Als alleenstaande vrouw in de overgang was ik nog al eens in wankel evenwicht. In die levensfase heeft niet iedereen, zoals Ingeborg Beugel, twee mannen om op terug te vallen. Is Ingeborg Beugels opkomst (haar ondergang laat nog even op zich wachten) in deze column wèl een Zinloos Feit? Nee! Zodra de menopauze in het geding is, kun je niet om die krullenbol heen.
Terug naar België. Van het Goede Doel. Met de lieve regels: ‘Omdat iedereen daar lacht, want dat taaltje is zo zacht’. En dan zong de groep meerstemmig de apotheose de microfoon in: een (ironisch?) gelukzalige verzuchting, ‘Bel-gië-e!’ Van majeur naar mineur, zoals in Cole Porters ‘Every time we say goodbye’.

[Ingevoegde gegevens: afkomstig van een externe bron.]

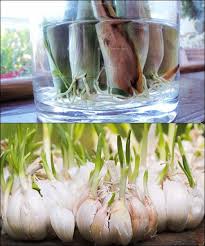Daun bawang memiliki bentuk yang panjang dan berwarna hijau tua di ujungnya, sedangkan batangnya berwarna hijau muda dengan tekstur sedikit keras. 5 Bahan Bahan Dapur Yang Bisa Kamu Tanam Sendiri Di Rumah Lifestyle Fimela Com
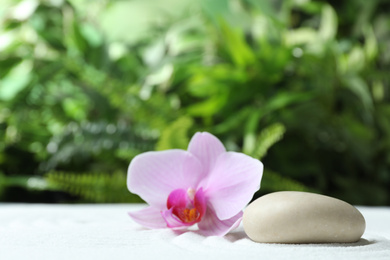 Photo of Stone and beautiful flower on sand against blurred green background. Zen, meditation, harmony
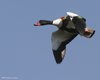 Volpoca_volo_Casse_di_colmata_DE_23_6_2010_++++^0581sf_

Mijn jongste zoon draaide het lied soms in zijn tuinkamertje dat grensde aan mijn Zandvoortse huis. Als de ramen openstonden, kon ik meegenieten. Ook als ze niet openstonden. ‘s Nachts lag ik te schudden in mijn bed van de bassen die door mijn slaapkamer dreunden. Dan werd er, onder het genot van een ferme joint, in het – in ravenzwart opgetrokken – appartementje mistroostige muziek gedraaid. Van The Cure, Depeche Mode of andere Engelse misère.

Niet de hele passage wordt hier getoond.